I remember feeling isolated and different pretty often as a kid, usually being treated as the outcast of the group. Whether it was to try to make friends, a reflection of my Christian upbringing, or some other thing that inspired me, I was always really enthusiastic and positive when the other players did something right. I don't remember ever receiving this treatment back, and somehow I think I knew I wouldn't (because if I did something right it was a total fluke anyhow), but it felt like the only contribution I could make to the team without messing up. So I clapped or cheered from the lonely right field, regardless of everyone else's attitudes.
I realize looking back that I was a kid who didn't think like a normal kid. What the others prioritized was winning games, hitting the hardest or running the fastest, maybe even showing off for their parents or friends. My priority was surviving practices and games for the hot dog or pizza at the end. But in all seriousness, it usually was. That and trying to contribute something, show some love and maybe get something for it in return?
The point in all this, besides getting a few good laughs as I am content with myself and even the more unflattering bits of my past, is that I like giving to other people. I receive some elusive and deep pleasure to be unconditionally encouraging towards another who is trying hard at something. I know that this idea of treating others as you'd like to be treated is a very Christian one, and even though I'm not a practicing Christian I consider the morals valuable and worthy to live by. In the classroom and in the real world I like to be brutally honest (not always a good idea) but also as supportive as I can be in general of other people's ambitions. I'm sure I slip here or there and I'm not always 100% in the giving mood, but most of the time I base my actions along these lines. Say what you want about the flaws and paradoxes of religion, the tyrants who've ruled by it and the people who've suffered due to these writings and in the name of God, I think there are some innate moral truths underneath all the fog and smoke.

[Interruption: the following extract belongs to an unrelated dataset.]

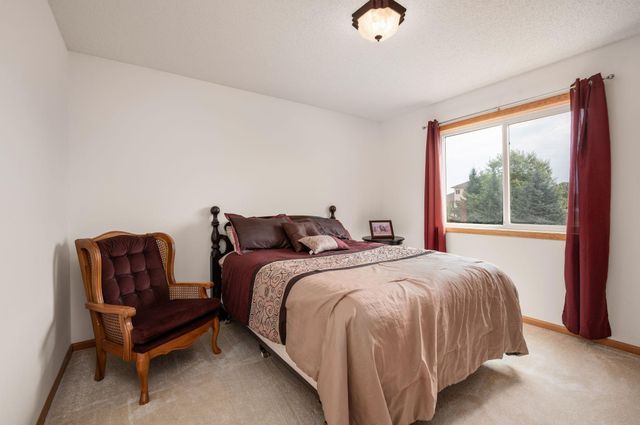 6194 Karmen Avenue NE, Albertville, MN 55301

But enough about my past, religion and baseball. I recently taught a lesson which had, as a conversational question: "Is it better to have a lot of acquaintances or a few close friends?" This is a question perhaps you've heard or thought about before. The student in this case actually read my mind, saying that a few close friends is better, but the advantages of an extended social network are abundantly self-evident (those weren't his exact words of course). Ever since I've moved to Tokyo, I've had to shift from being more set on just hanging out with these 3 or 4 close friends to being more flexible and social. I think this is good for me, as it has forced me to come out of my shell a bit and I've got to meet interesting people from different parts of the world - mainly America, the U.K., Australia and of course Japan. I did maintain such social networks when doing bands and such back home, but I always had my real friends to look to and fall back on. Here I don't. Here I have a few people I feel I can trust 100%. Fewer still are those who I simply get, feel comfortable around and like their personalities and the feeling is mutual. I know lots of people who I just don't click with like that - Was it Plato who said the deep, philosophical friendships were the best and rarest kind, Greg? - but I still like talking to them, or having someone to shoot the shit with in between classes or at the bar or on the trains. It can be stifling though, hence part of the reason I felt so down the last time i posted on here, to only be friends with people you don't really know. I can't expect the same things I do from people I've known for years or shared my passions with or my soul with - but I find myself wanting to do just that. To put my trust in people I don't know well enough, and to open up because at times I'd give anything to just be myself and speak my mind without having to filter and consider and re-word every little thing. Sometimes this gets me into trouble. Actually depending on what you call trouble, you could say it gets me into something every day. I wish I knew where I stood with like 8 different people right now, but that story will be told when it happens. I'm sure there'll be comedies and tragedies abound.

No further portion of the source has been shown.